• Exercise directions: Go to the line with "Now, again, like" in the entries below and write out every line from there through the line with "After you've read", exactly and without pictures.

• Listed entries:
^^^^
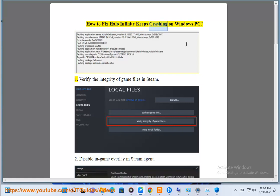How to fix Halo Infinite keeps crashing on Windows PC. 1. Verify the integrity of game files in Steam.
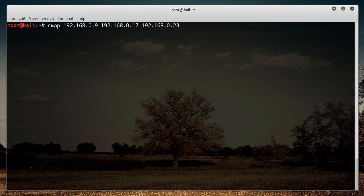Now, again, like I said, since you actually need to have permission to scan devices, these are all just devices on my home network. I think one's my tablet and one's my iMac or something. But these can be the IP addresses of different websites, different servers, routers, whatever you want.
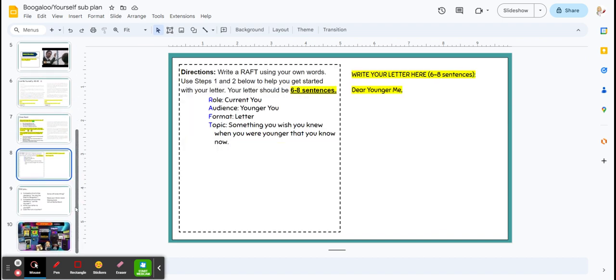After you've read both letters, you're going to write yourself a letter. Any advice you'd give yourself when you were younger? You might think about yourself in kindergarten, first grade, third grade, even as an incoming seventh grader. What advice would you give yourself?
^^^^
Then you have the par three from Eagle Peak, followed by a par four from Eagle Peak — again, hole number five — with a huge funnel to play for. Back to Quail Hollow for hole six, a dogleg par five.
^^^^
• Response to the task:
Now, again, like I said, since you actually need to have permission to scan devices, these are all just devices on my home network. I think one's my tablet and one's my iMac or something. But these can be the IP addresses of different websites, different servers, routers, whatever you want.
After you've read both letters, you're going to write yourself a letter. Any advice you'd give yourself when you were younger? You might think about yourself in kindergarten, first grade, third grade, even as an incoming seventh grader. What advice would you give yourself?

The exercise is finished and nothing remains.